Speaker
Description
Galaxy surveys require support from massive datasets in order to achieve precision estimations of cosmological parameters. The CosmoHub platform and SciPIC pipeline have been developed at the Port d'Informació Científica (PIC) to provide this support, achieving nearly interactive performance in the processing of multi-Terabyte datasets. Cosmology projects currently supported include ESA's Euclid space mission, the Dark Energy Survey (DES), the Physics of the Accelerating Universe (PAU) survey and the Marenostrum Institut de Ciències de l'Espai Simulations (MICE). Support for additional projects can be added as needed. CosmoHub (https://cosmohub.pic.es) is a web portal to perform interactive analysis of massive cosmological data.

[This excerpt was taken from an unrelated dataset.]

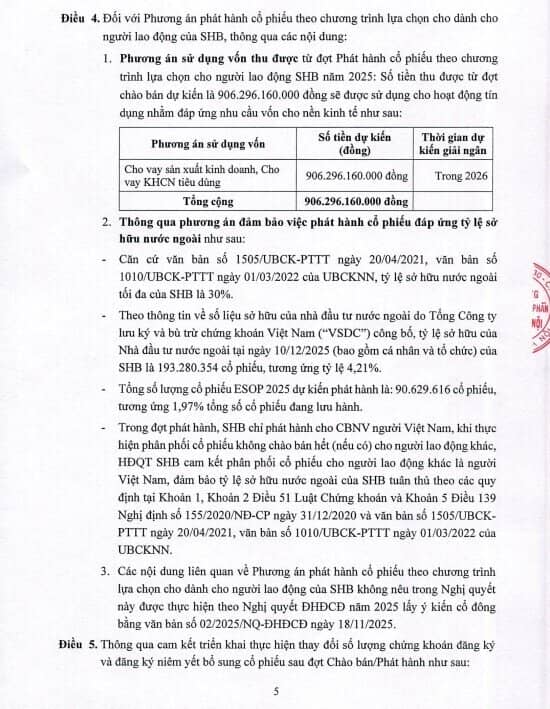 SHB tăng vốn điều lệ lên hơn 53.000 tỷ đồng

It enables users to interactively explore and distribute data without any SQL knowledge. It is built on top of Apache Hive, part of the Apache Hadoop ecosystem, which facilitates reading, writing, and managing large datasets. More than two billion objects, from public and private data, as well as observed and simulated data, are available. Over 400 users have produced over the last three years about 1500 custom catalogs occupying 2TB in compressed format. All those datasets can be interactively explored using an integrated visualization tool. The current implementation allows an interactive analysis of billion object datasets to complete in less than 25 seconds. The SciPIC scientific pipeline has been developed to efficiently generate mock galaxy catalogs using as input a dark matter halo population. It runs on top of the Hadoop platform using Apache Spark, which is an open-source cluster-computing framework. The pipeline is currently being calibrated to populate the full sky Flagship dark matter halo catalog produced by the University of Zürich, which containins about 44 billion dark matter haloes in a box size of 3.78 Gpc/h. The resulting mock galaxy catalog is directly saved in the CosmoHub platform.
Experimental Collaboration | Euclid, PAU, DES, MICE |
---|